Jealousy is another factor that affects assaulters, when it is more than a very rare or occasional emotion, it creates a situation of danger for his wife. Effectively, it connotes very low self-esteem and high self-hate it is an unconscious emotion that causes irrational behaviors. The individual might feel undeserving of his spouse, he sees other men as potential threats (Symonds, 1975).

 

  Dupont and Grunebaum have written an empirical study entitled “Willing Victims: the Husbands of Paranoid Women”, according to them the beater’s wife is inevitably part of her own assault; this is not a way to say that she is to blame for the assault.

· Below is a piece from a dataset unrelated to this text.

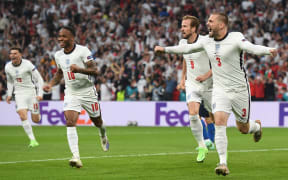 England's defender Luke Shaw (R) celebrates after scoring the first goal during the UEFA EURO 2020 final football match between Italy and England at the Wembley Stadium in London on July 11, 2021. (Photo by Andy Rain / POOL / AFP)
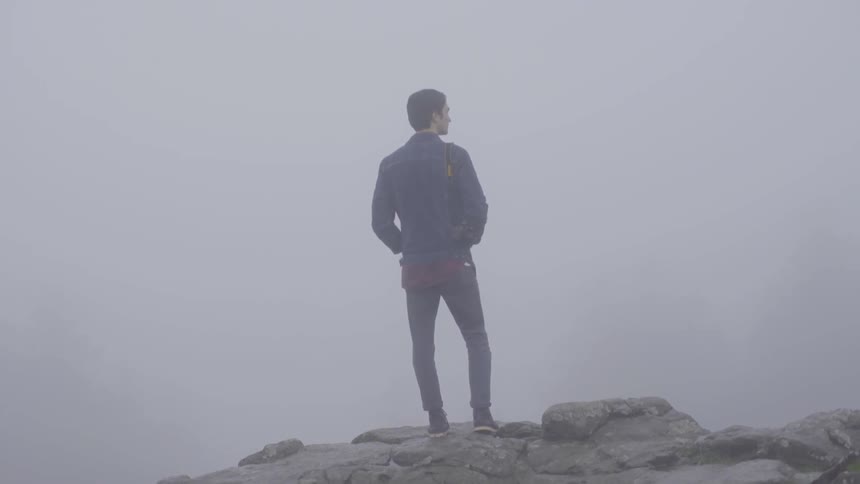 Man looks off a foggy cliff into the distance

Nevertheless, in some marriages, the wife may have distorted self-concepts, such as that her social role as a ‘mother’ and or ‘wife’ and responsibilities that come with it lead her to believe that she must remain in the relationship. People tend to choose their partner unconsciously based on their own unrecognized emotional needs. Relationships in which beating occurs can be characterized either by one partner being overly submissive; and the other being attacking, overly demanding, and sadistic. More importantly, there is a kind of sex role division, with the woman being the submissive partner, although this is not always the case.

In the past decades, we have seen changes that have increased the acceptance of women in society. We now even see women working in public places such as in malls and supermarkets etc. The changes have been occurring in different domains, the mass media, business and advertisements, and lead to affecting attitudes and beliefs, lowering traditional social roles, and encouraging an “accept yourself as you are” philosophy.

Accept yourself as who you are, and stand up for your rights!